▸ **ASSIGNMENT**
With the pictures excluded, reproduce all of the data exactly.

*** INFORMATION SUPPLIED ***

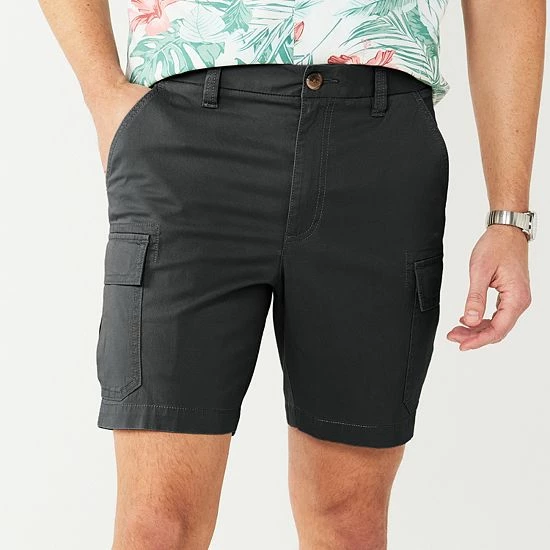 Men's Croft & Barrow® Classic 7.5-Inch Cargo Shorts Black Men's Croft & Barrow® Classic 7.5-Inch Cargo Shorts Black -Croft & BarrowSales unnamed file 4674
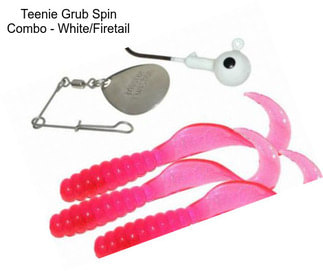 Teenie Grub Spin Combo - White/Firetail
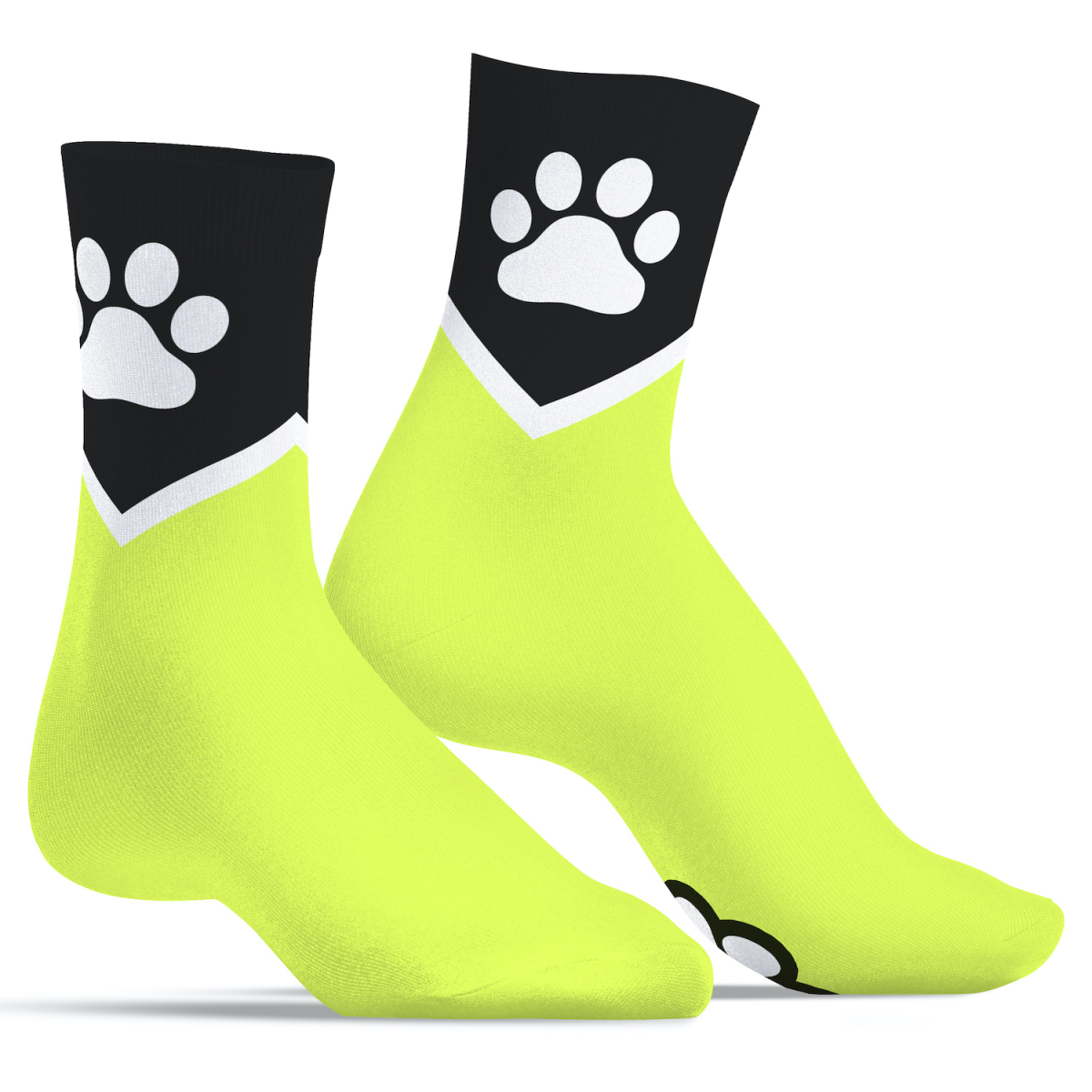 chaussettes paw kinky puppy jaunes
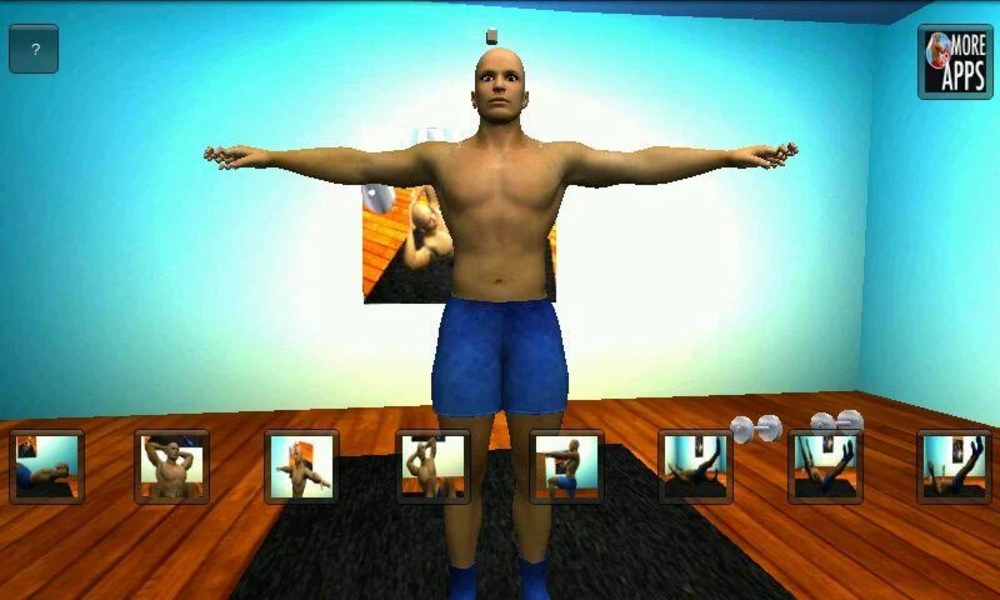 Flat Belly 3D Workout Sets - Preview 5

***

▸ **RESULT OF THE TASK**
 Men's Croft & Barrow® Classic 7.5-Inch Cargo Shorts Black Men's Croft & Barrow® Classic 7.5-Inch Cargo Shorts Black -Croft & BarrowSales unnamed file 4674
 Teenie Grub Spin Combo - White/Firetail
 chaussettes paw kinky puppy jaunes
 Flat Belly 3D Workout Sets - Preview 5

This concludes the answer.